THE TASK - All entries below must be retyped exactly, though pictures are to be skipped.

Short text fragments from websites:

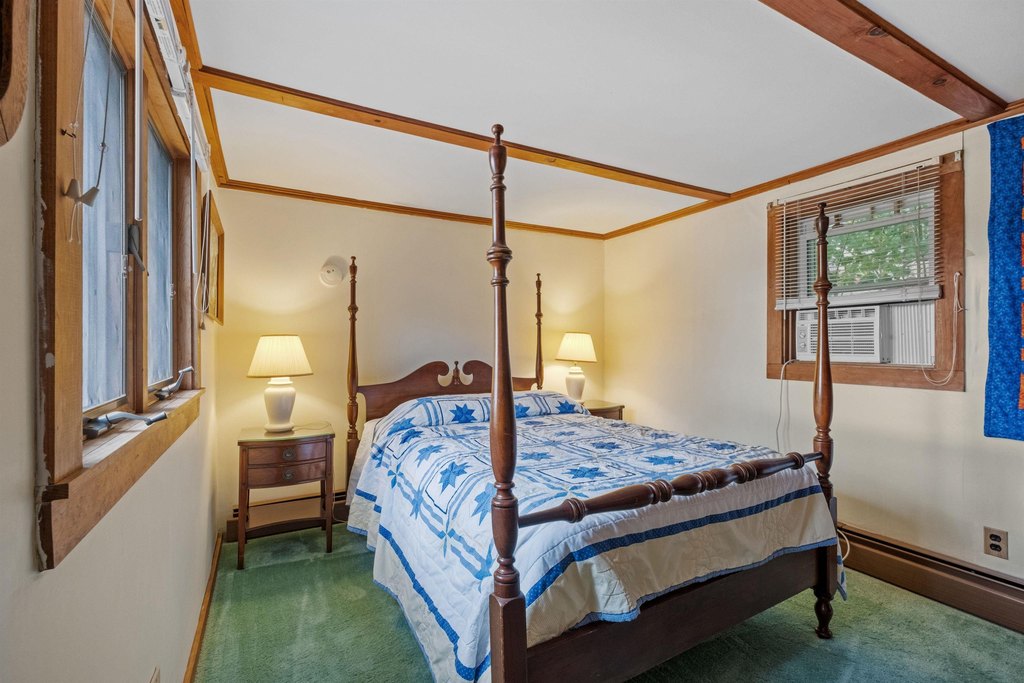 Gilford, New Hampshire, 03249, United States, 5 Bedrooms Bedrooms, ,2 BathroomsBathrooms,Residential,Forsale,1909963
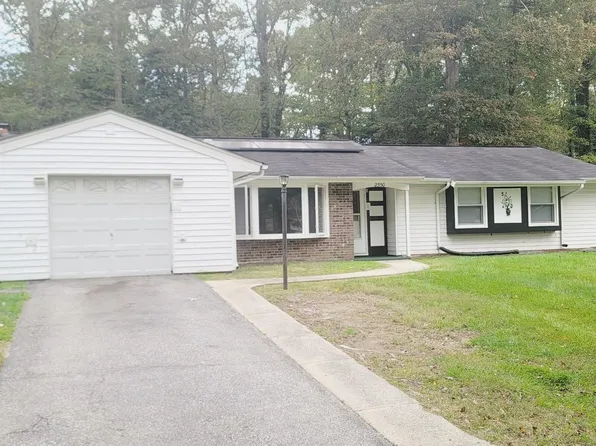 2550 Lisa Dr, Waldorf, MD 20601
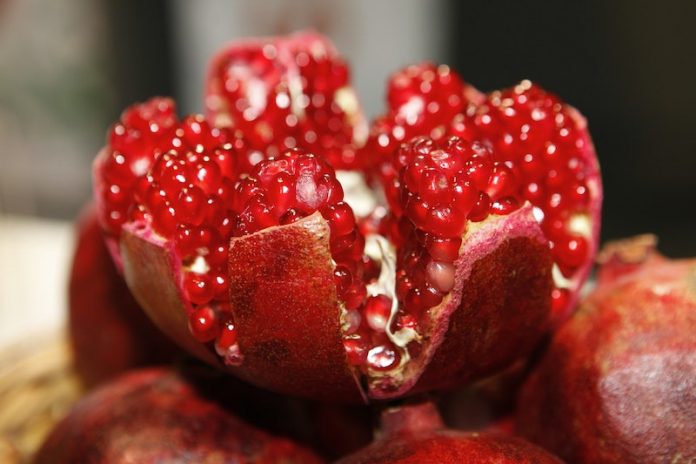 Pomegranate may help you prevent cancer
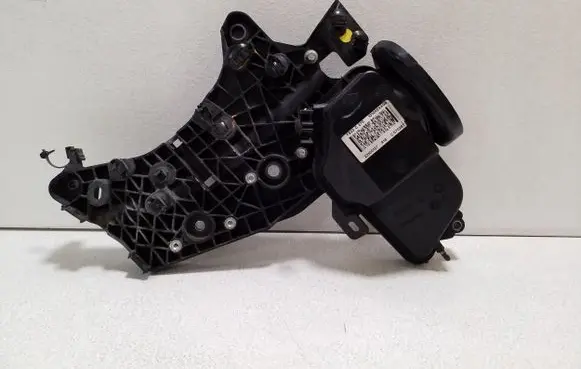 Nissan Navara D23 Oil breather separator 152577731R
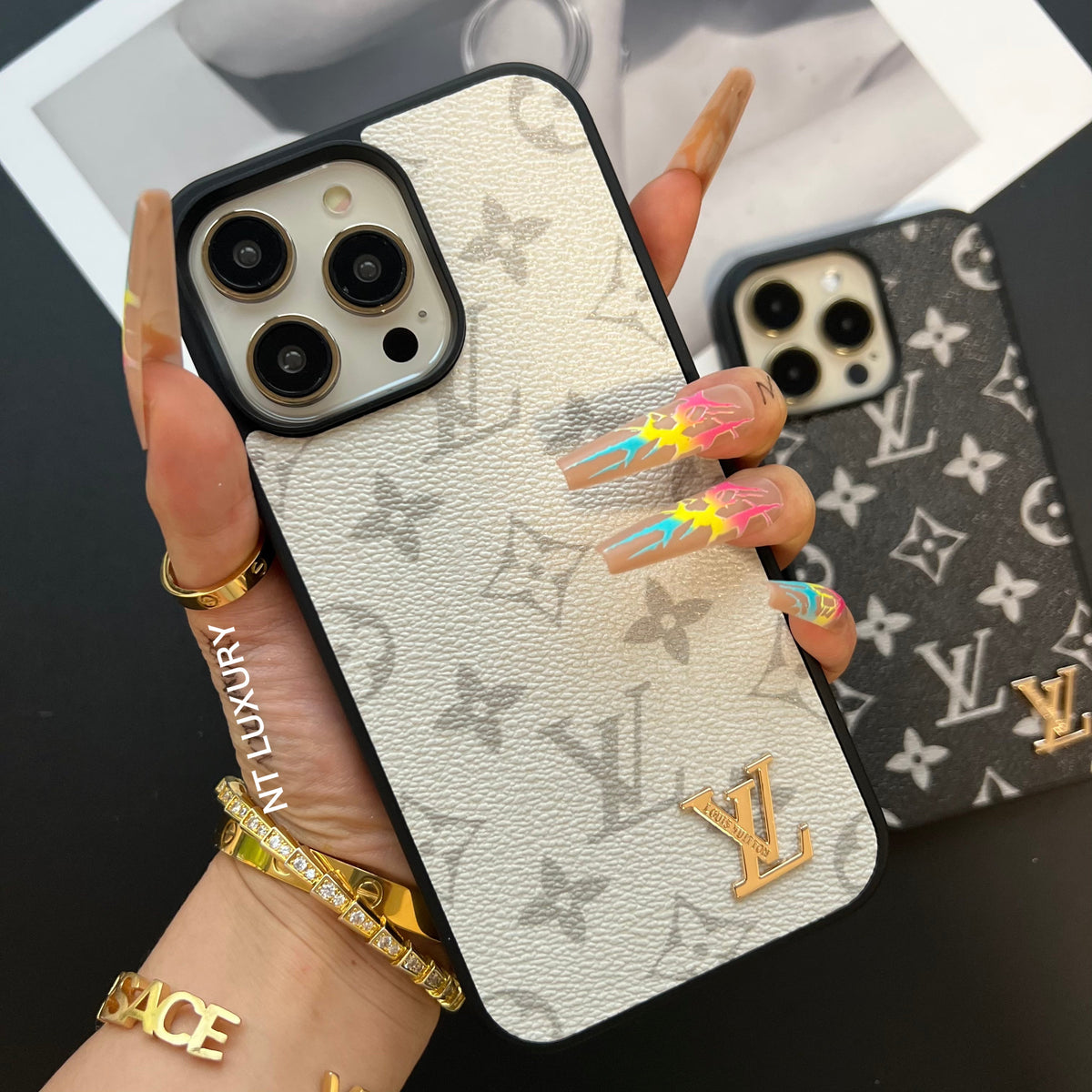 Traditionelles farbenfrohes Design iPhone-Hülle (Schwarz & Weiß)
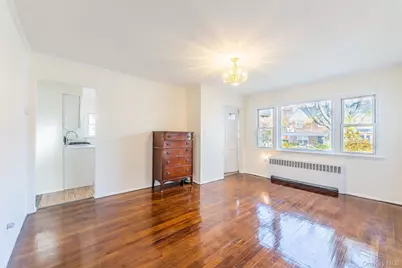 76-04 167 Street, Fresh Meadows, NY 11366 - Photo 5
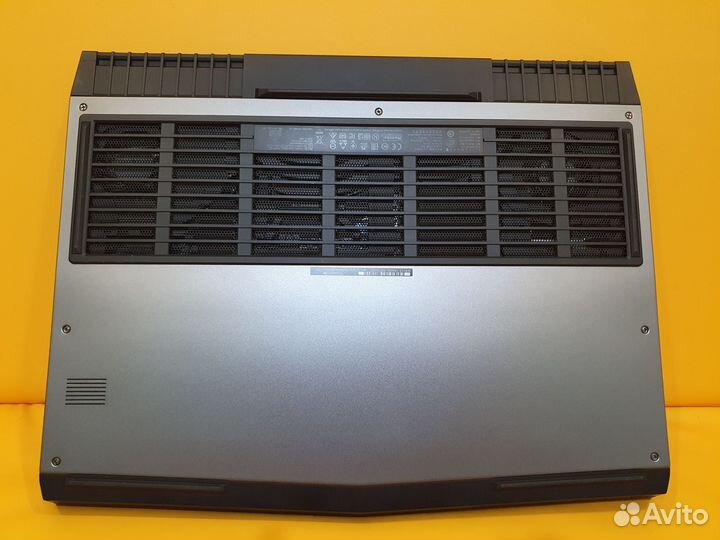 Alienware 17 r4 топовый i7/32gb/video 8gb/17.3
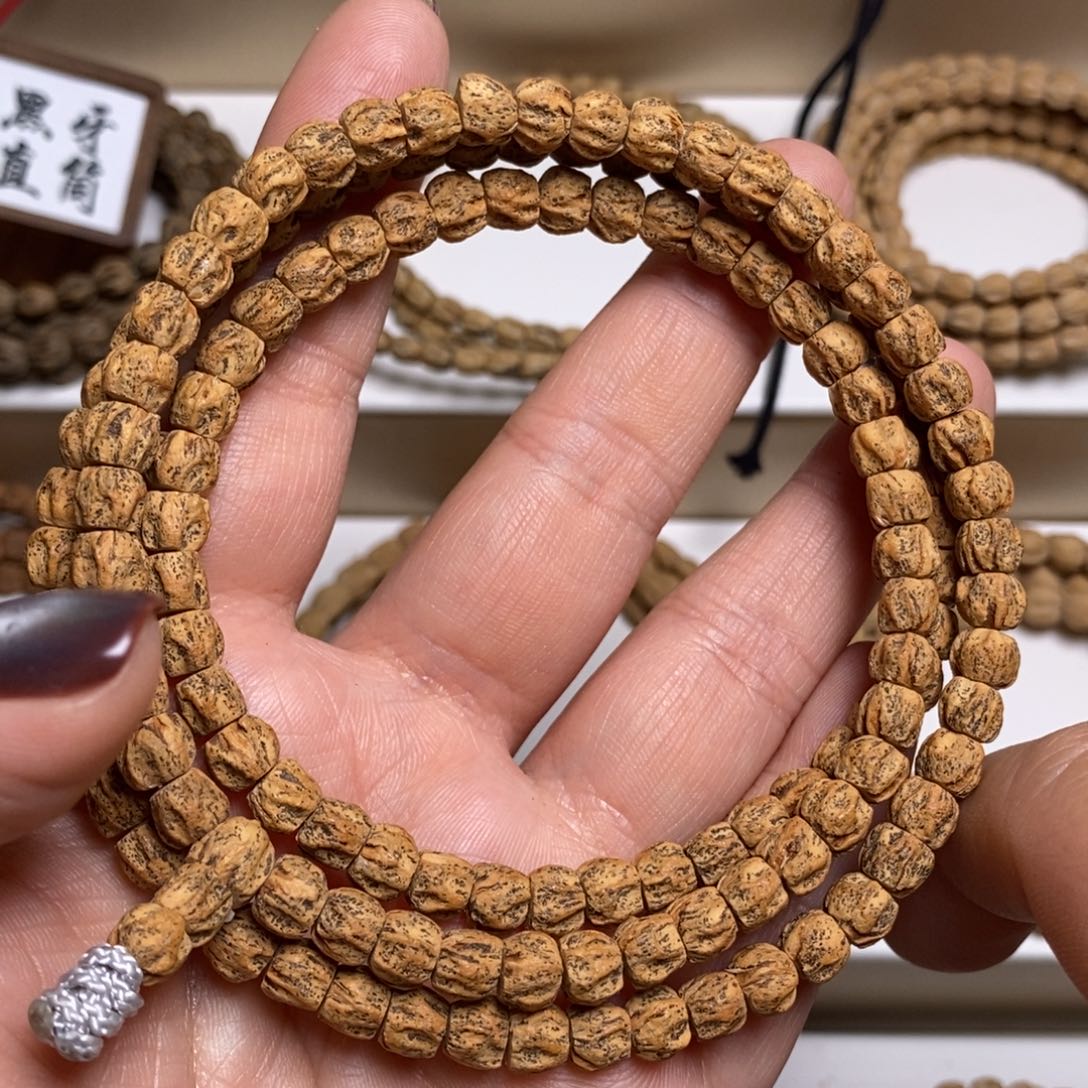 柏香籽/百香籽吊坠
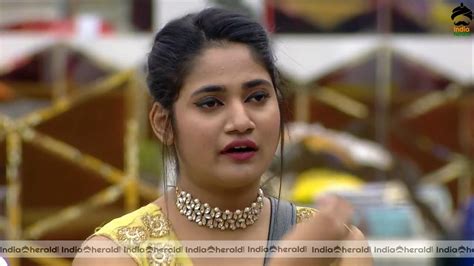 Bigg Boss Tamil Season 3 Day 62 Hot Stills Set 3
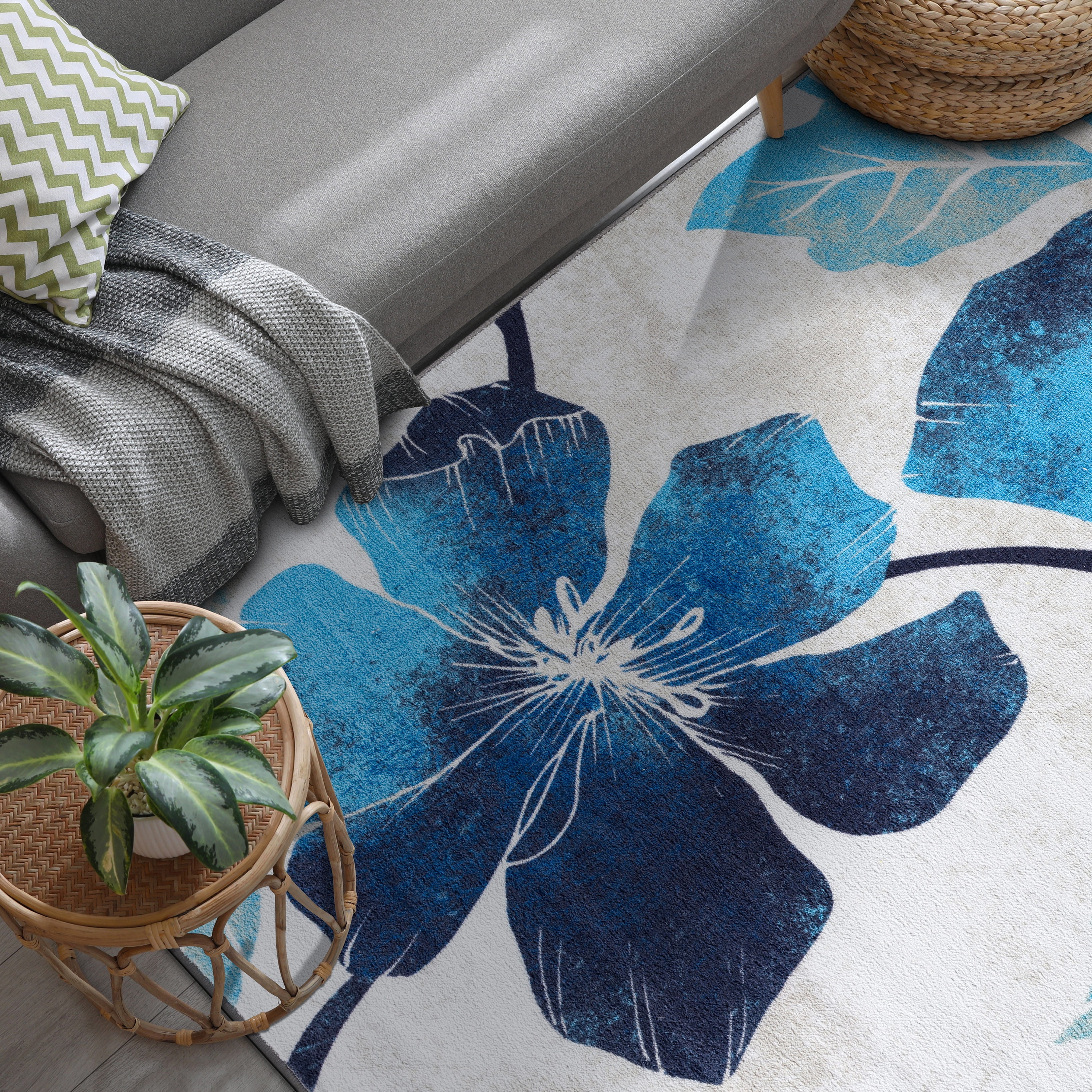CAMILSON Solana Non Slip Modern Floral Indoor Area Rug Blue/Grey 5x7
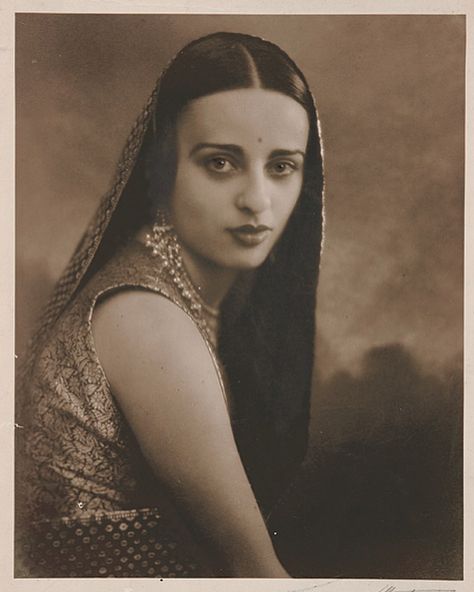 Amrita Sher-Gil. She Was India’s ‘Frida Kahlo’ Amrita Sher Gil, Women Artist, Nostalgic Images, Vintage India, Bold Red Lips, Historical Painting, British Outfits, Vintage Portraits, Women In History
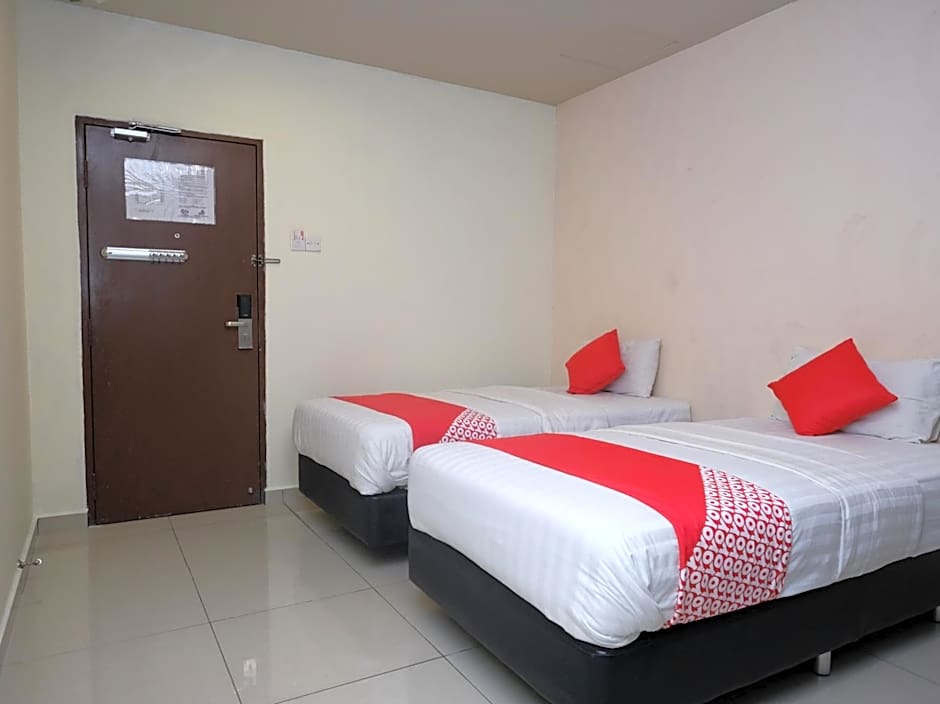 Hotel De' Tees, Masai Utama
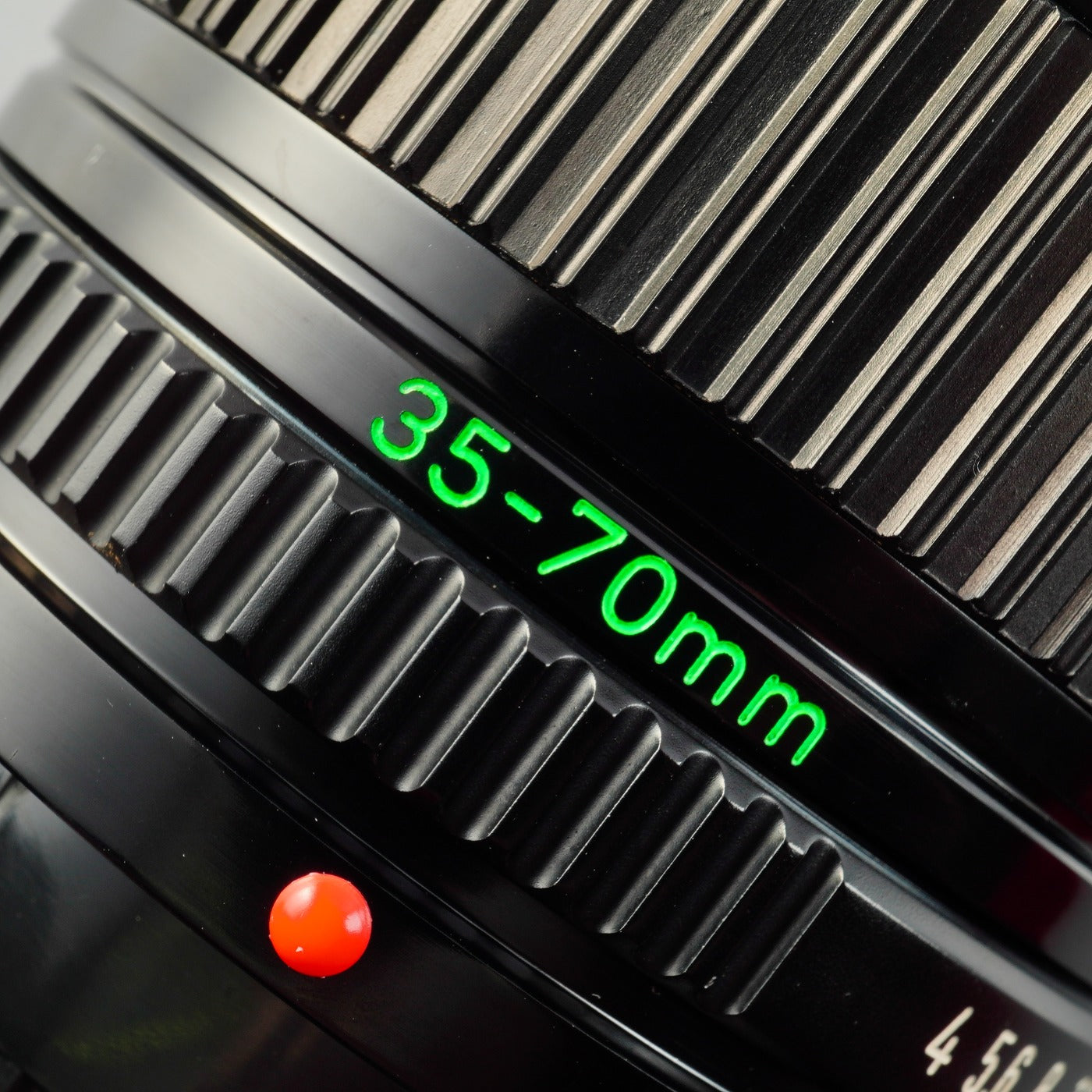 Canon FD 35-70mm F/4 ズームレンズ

SOLUTION TO THE EXERCISE -
 Gilford, New Hampshire, 03249, United States, 5 Bedrooms Bedrooms, ,2 BathroomsBathrooms,Residential,Forsale,1909963
 2550 Lisa Dr, Waldorf, MD 20601
 Pomegranate may help you prevent cancer
 Nissan Navara D23 Oil breather separator 152577731R
 Traditionelles farbenfrohes Design iPhone-Hülle (Schwarz & Weiß)
 76-04 167 Street, Fresh Meadows, NY 11366 - Photo 5
 Alienware 17 r4 топовый i7/32gb/video 8gb/17.3
 柏香籽/百香籽吊坠
 Bigg Boss Tamil Season 3 Day 62 Hot Stills Set 3
CAMILSON Solana Non Slip Modern Floral Indoor Area Rug Blue/Grey 5x7
 Amrita Sher-Gil. She Was India’s ‘Frida Kahlo’ Amrita Sher Gil, Women Artist, Nostalgic Images, Vintage India, Bold Red Lips, Historical Painting, British Outfits, Vintage Portraits, Women In History
 Hotel De' Tees, Masai Utama
 Canon FD 35-70mm F/4 ズームレンズ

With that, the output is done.